But this is exactly the point of (my) confusion - the fact that the gravitational field is weaker when objects of smaller mass are involved. I have read through the explanations above as carefully as I can, but can't find the resolution. Let me try to state it again, in a 'simplified' environment - deep space, one observer, and no other reference but the four objects: 'earth' 'moon' feather and ball.

1a) Observer watches from earth. Feather comes into existence and is seen to move towards the earth at some particular rate.

2a) Observer watches from moon. Feather comes into existence and is seen to move towards the moon at a rate slower than in case 1a).

3a) Observer watches from feather. Earth comes into existence above us, and is seen to move towards us. Same rate as 1a)

4a) Observer watches from feather. Moon comes into existence above us, and is seen to move towards us. Same rate as 2a)

So we have a clear demonstration of the basic premise - systems of smaller mass (the sum of the masses of the pair involved) form a weaker gravitational field. Down to this point everything is OK.

But now let's start to run it again, with the steel ball instead of the feather:

1b) Observer watches from earth. Ball comes into existence and (our textbooks say) is seen to move towards the earth at same rate as 1a)

But the sum of the masses of the pair involved is greater than 1a) and thus a stronger gravitational field is formed. The pair must move together more quickly than in 1a).

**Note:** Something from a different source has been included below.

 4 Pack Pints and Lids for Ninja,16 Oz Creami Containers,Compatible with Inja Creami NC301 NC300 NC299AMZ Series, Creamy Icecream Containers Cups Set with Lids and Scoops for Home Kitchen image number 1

So a ball falls faster than a feather! Yet when we put them side by side and drop them off the Leaning Tower (in a vacuum) they (are said to) fall at the same rate. What gives?

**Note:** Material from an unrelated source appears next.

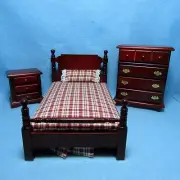 Dollhouse Miniature Maroon Checkered Twin Bedroom Set w/ 3 Pieces T0505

(My apologies if the answer is buried in the mathematics above. I don't have so much experience reading equations like that; if the 'answer' can be expressed textually, I would perhaps be able to grasp this more readily ...)
posted by woodblock100 at 3:36 PM on January 17

woodblock100:

Yes, that is technically correct. The [celestial body] and the object are accelerating towards each other at a rate derived from the mass of each of them (and the distance between them at any given instant). That's the F=G(m1)(m2)/r^2 bit, which is a good equation when dealing with massive objects and large distances.

When you talk about a falling object on a planet-sized thing, you clump a lot of terms together, because it's a good approximation. Specifically, r in the above equation doesn't change, on any scale which we care about. r does change, but in terms of the centre of a very big thing, and a very small thing which is very close to it, we don't worry.

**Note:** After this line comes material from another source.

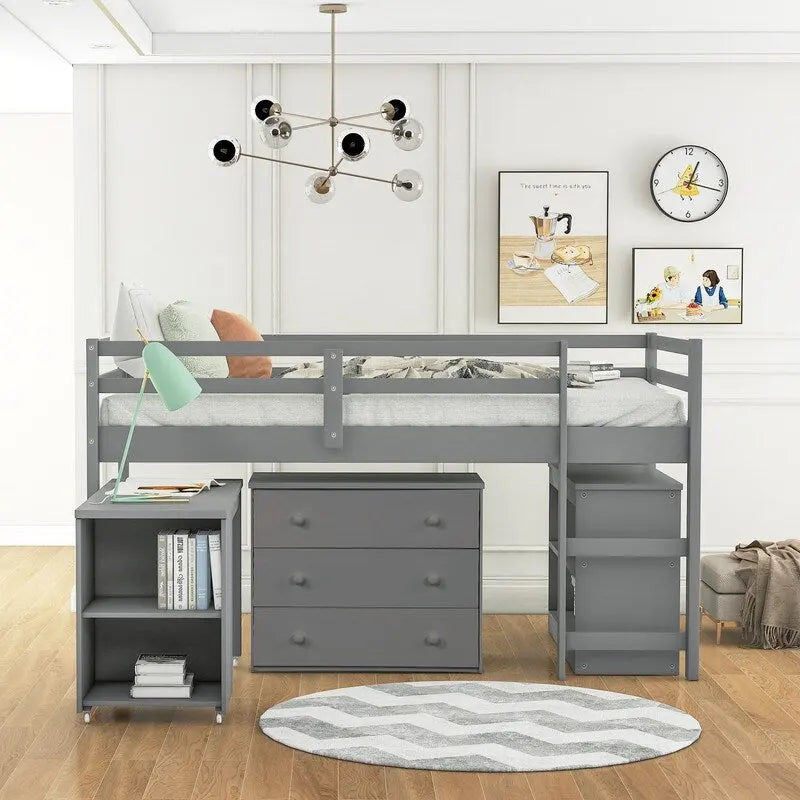 Lit surélevé simple avec armoire et bureau portable à roulettes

In which case, we can say that G, m1, and r^2 are all constants. Then the equation is F = k m, where k= G(m1)/r^2 all of which are constant as far as we're concerned. And if the force is proportional to the mass, the acceleration is constant. Feathers, bowling balls, hammers, the lot.

So, yes, the Earth/Moon/Sun does fall towards the thing, it's just not worth worrying about. To illustrate the scale, the Earth doesn't orbit the Sun, the Sun and the Earth orbit around a common centre of gravity. That centre of gravity is SO far inside the Sun that you may as well say that the Earth orbits the Sun.

Very short answer: Planetary bodies are big (in terms of both size and mass) so we can treat their position as constant relative to small things like 'planes and buildings.
posted by Wrinkled Stumpskin at 4:51 PM on January 17

But the sum of the masses of the pair involved is greater than 1a) and thus a stronger gravitational field is formed. The pair must move together more quickly than in 1a).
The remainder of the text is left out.